**GIVEN RECORDS:**

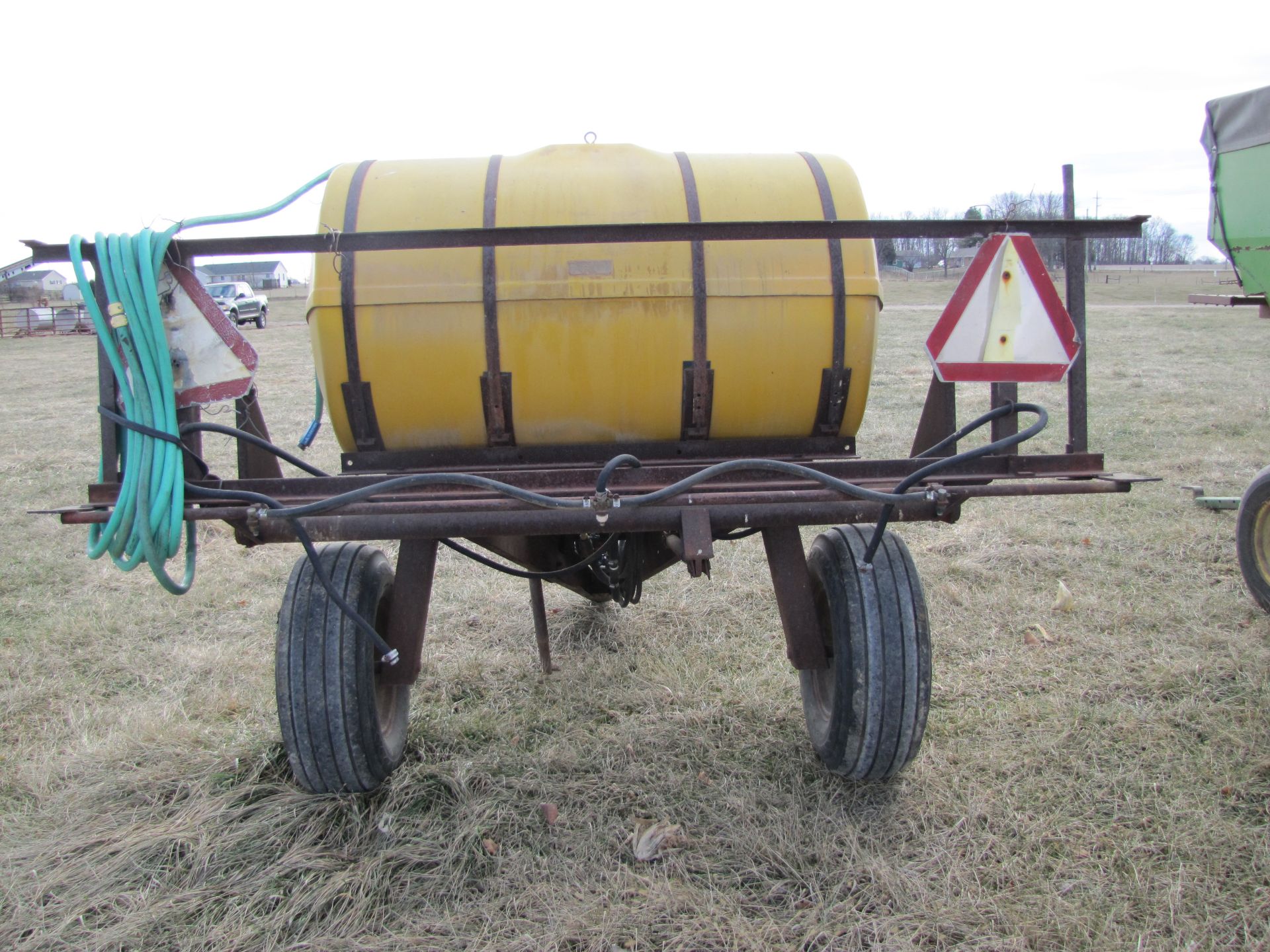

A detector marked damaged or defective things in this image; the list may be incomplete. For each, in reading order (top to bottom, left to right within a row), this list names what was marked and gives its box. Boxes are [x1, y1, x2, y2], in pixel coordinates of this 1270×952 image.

rusted metal support post [1062, 166, 1092, 457]
rusty steel frame [44, 180, 1148, 680]
rusted metal support post [909, 373, 954, 459]
rusted metal support post [990, 383, 1021, 452]
rusted metal support post [376, 538, 437, 685]
rusted metal support post [525, 578, 551, 675]
rusted metal support post [757, 530, 827, 670]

**WORK ORDER:** Exactly as written, copy the entries above without their pictures.

**ANSWER TO THE PROBLEM:**
A detector marked damaged or defective things in this image; the list may be incomplete. For each, in reading order (top to bottom, left to right within a row), this list names what was marked and gives its box. Boxes are [x1, y1, x2, y2], in pixel coordinates of this 1270×952 image.

rusted metal support post [1062, 166, 1092, 457]
rusty steel frame [44, 180, 1148, 680]
rusted metal support post [909, 373, 954, 459]
rusted metal support post [990, 383, 1021, 452]
rusted metal support post [376, 538, 437, 685]
rusted metal support post [525, 578, 551, 675]
rusted metal support post [757, 530, 827, 670]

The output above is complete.